With expectations riding high on Kites, DEVANSH PATEL met the film's director, Anurag Basu, in this special interview
HE HAS defied both critics and commercial box office to rake in success and he doesn't break the rules 'just to break the rules'. He is the new school in the age where old fools still exist in movie-making. It is difficult to capture Anurag Basu's presence in print.
The last time I met him was at the red-carpet world premiere in London's Odeon Leicester Square where his highly acclaimed film Life In A Metro was screened and starred the Celebrity Big Brother winner that year, Shilpa Shetty.
A who's who of the British film industry graced the red carpet. And there was Basu in his loose denims and a plain black shirt.
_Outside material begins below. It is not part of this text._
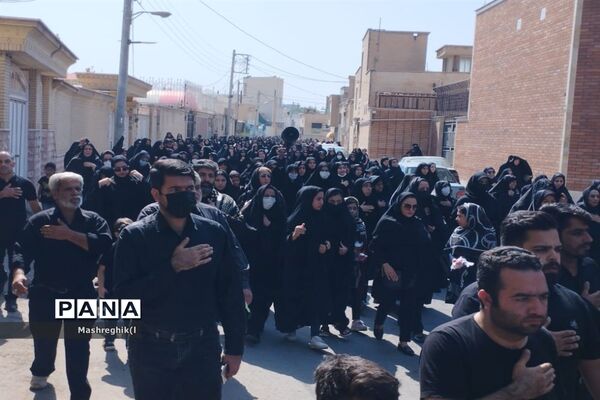 مراسم سنتی آیینی نخل‌گردانی در ظهر عاشورا هیأت زینبیه کاشان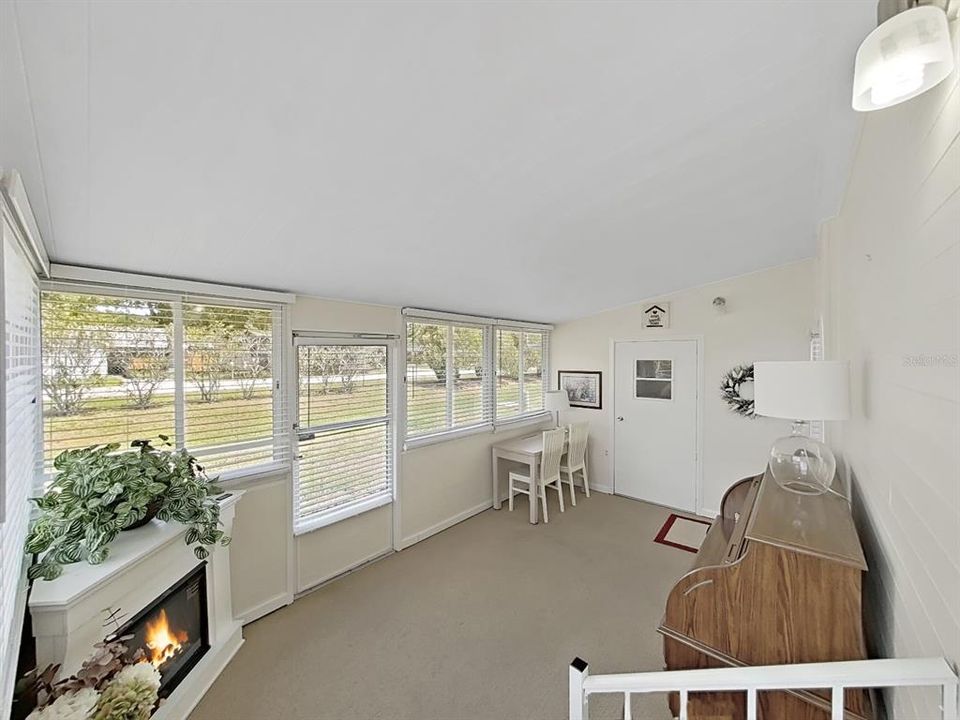 Под контрактом: $169,900 (2 спален, 2 ванн, 828 Квадратных фут)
He doesn't look like those 'lost-out guys' who make cinema but rather an active and sometimes hyperactive middle-aged film geek.
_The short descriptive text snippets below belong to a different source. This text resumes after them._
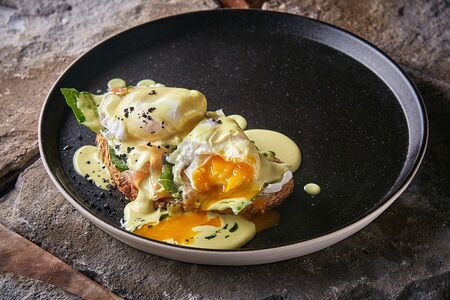 Яйцо пашот с лососем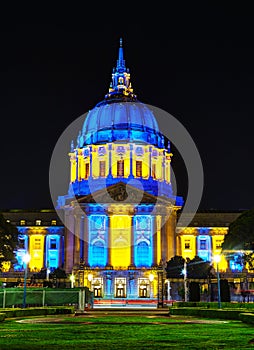 San Francisco city hall at night time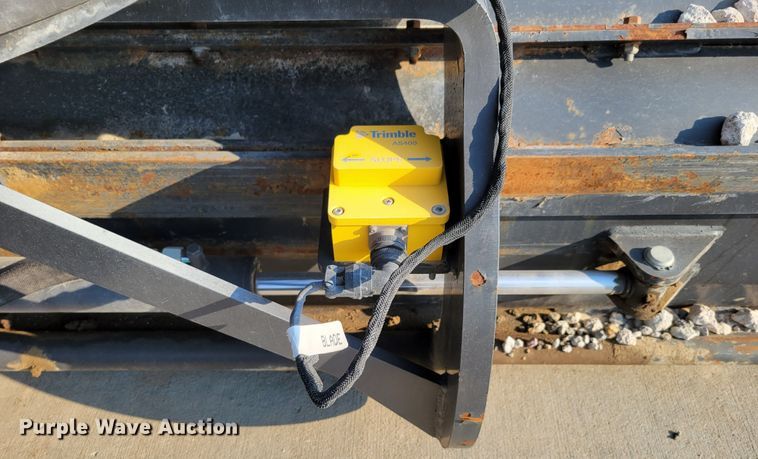 image for item DM8026 2017 Bobcat Grader 96  skid steer grader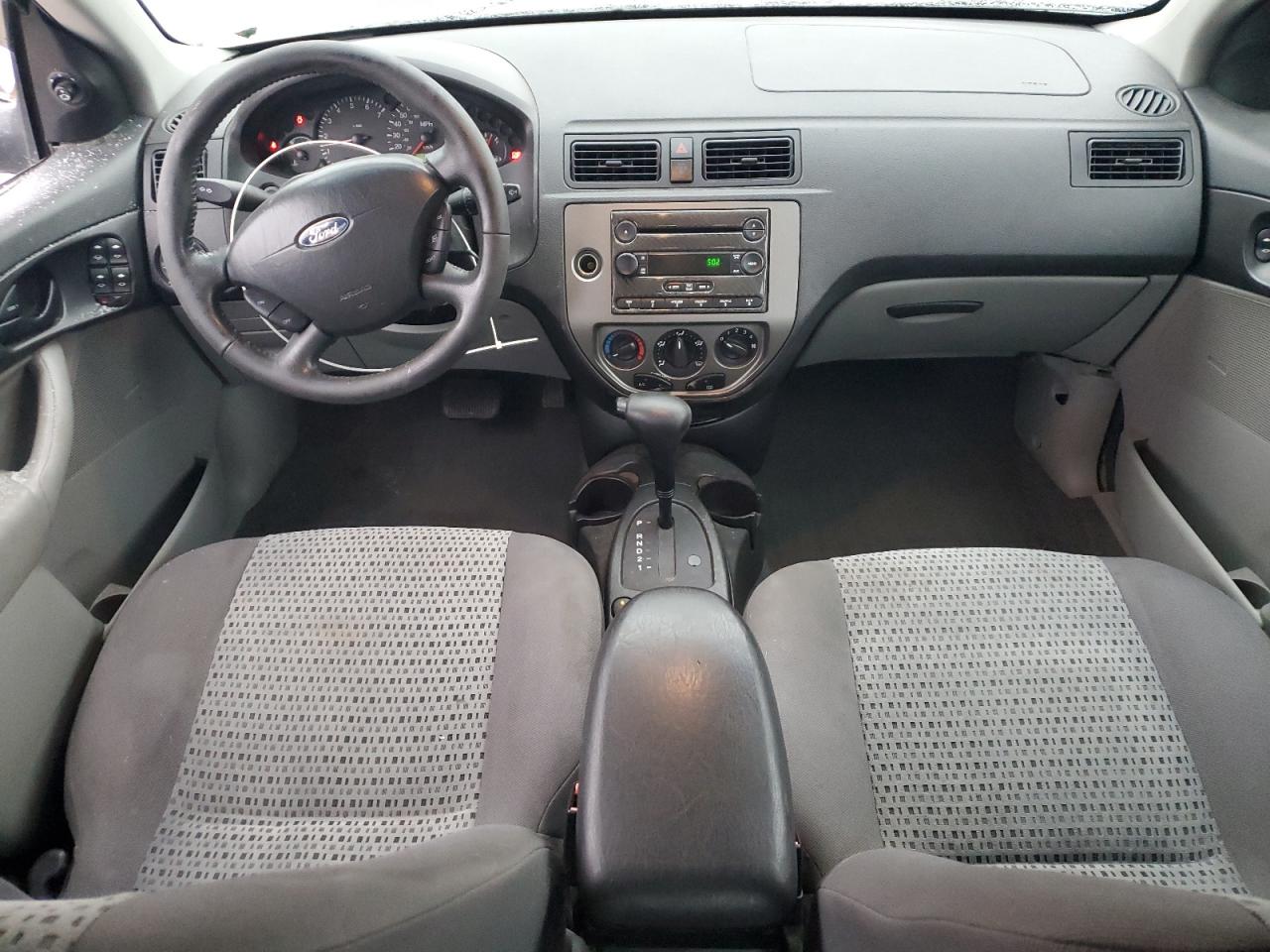 2007 Ford Focus VIN 1FAHP34N77W198546 Copart auction photo, rear end damage thumbnail 8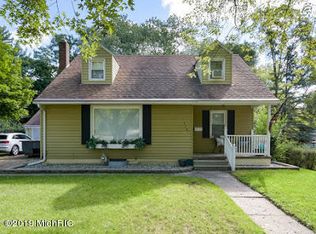 3721 Duke St, Kalamazoo, MI 49008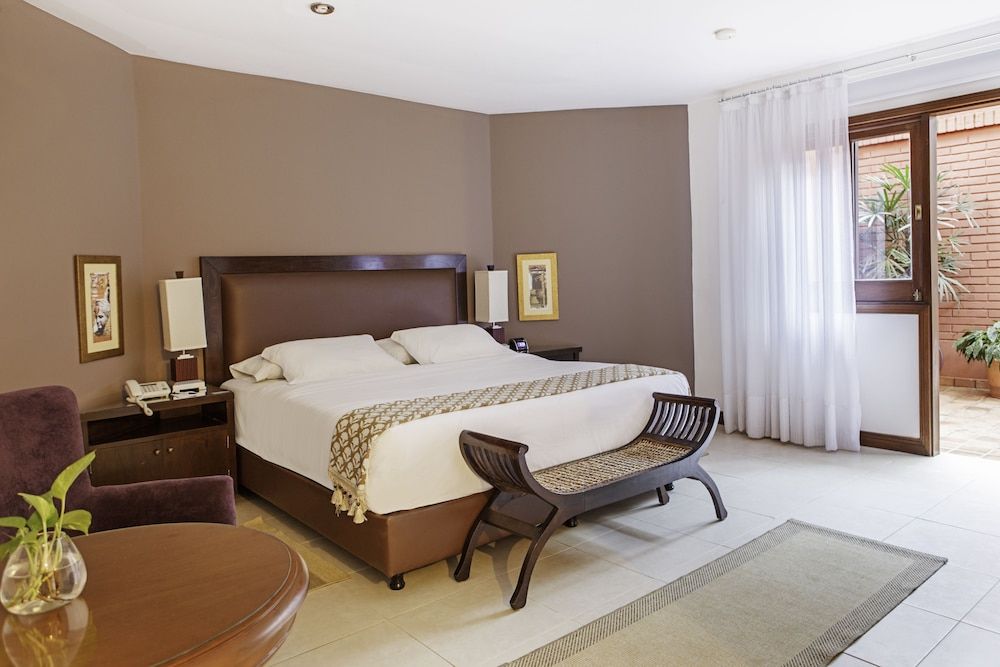 Las Lomas Casa Hotel Classic Room, 1 King Bed, Microwave 3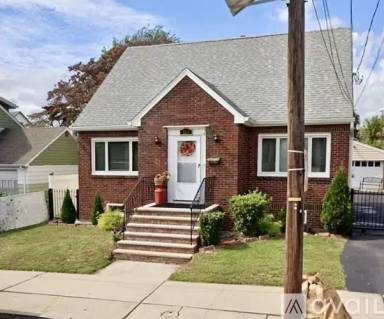 Main picture of 175 E 23rd St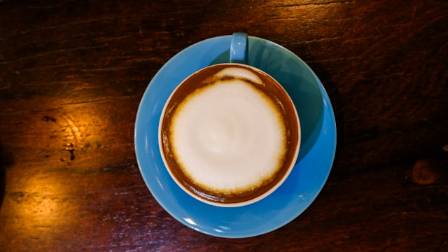 6 Health Benefits of Drinking Turmeric Superfood Lattes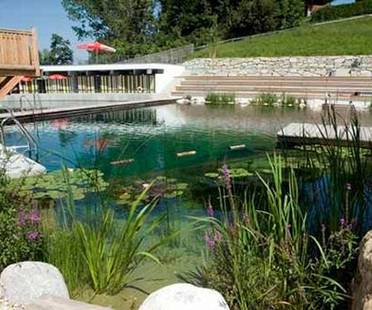 Una piscina naturale per un divertimento “green”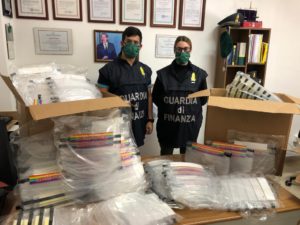 Oltre 400 visiere protettive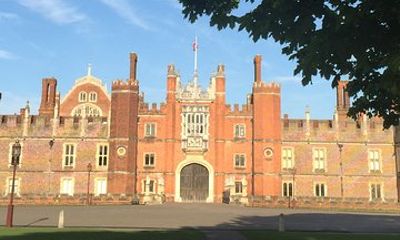 Hampton Court Palace Grounds Bike Tour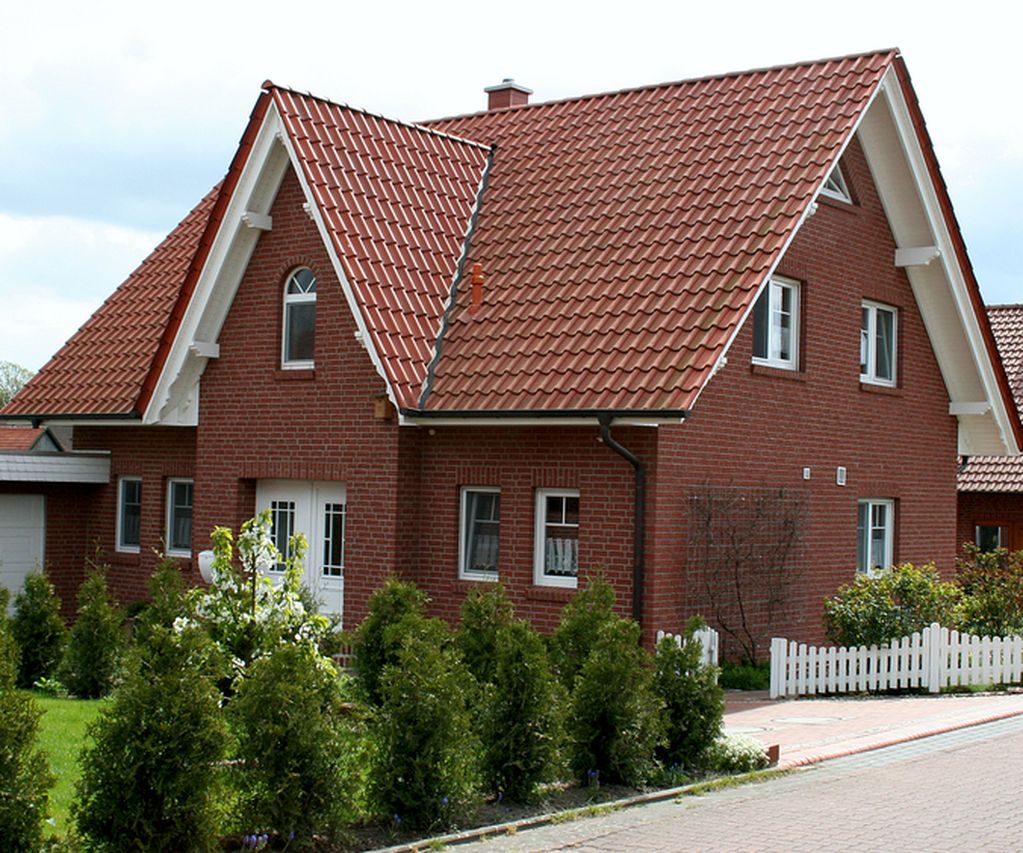 Einfamilienhaus mit rotem klinker und Dachziegel von Nelskamp H10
Having made some diverse films that put him on the ladder of success, Anurag is now on the verge of the most difficult phase in film-making - a phase of ground-breaking cinema, where he needs to prove his mental strength as a director and a period that will boost a lot of aspiring filmmakers to make stories where language is no barrier.
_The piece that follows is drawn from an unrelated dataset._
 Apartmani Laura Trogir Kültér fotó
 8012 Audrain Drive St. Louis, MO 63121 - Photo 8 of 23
In short, a phase where Bollywood will be rewritten.
Q: Does the use of Spanish, Hindi and English language in the film make Kites ground-breaking? A: The film just took shape naturally. Initially we thought that the film was targeted at Western audiences but then we found out that love, as the subject in the film, speaks no language. It is universal.
Our Spanish actress, Barbara Mori, didn't know Hindi and Hrithik Roshan, didn't know any Spanish.
So we didn't force any language on anybody. After seeing 70 per cent of the film, my producers, Reliance Big Pictures and Rakesh Roshan thought that the film was ground-breaking because it will appeal to everybody across the globe.
Q: Why did a director and producer like Rakesh Roshan opt for you to direct Kites when he could have directed the film himself?
A: Until today I have a question in my mind as to why did he take me as a director for Kites.
Rakesh Roshan had seen my film Gangster. During that time, Life In A Metro had not been released.
He called me and said: 'I've got a story for Hrithik in mind. I want you to direct it'.
At that time, I said: 'No'.
Knowing Hrithik's star status, I always wondered why would Hrithik do my film?
I was a small director who was busy with an ensemble cast film titled Life In A Metro.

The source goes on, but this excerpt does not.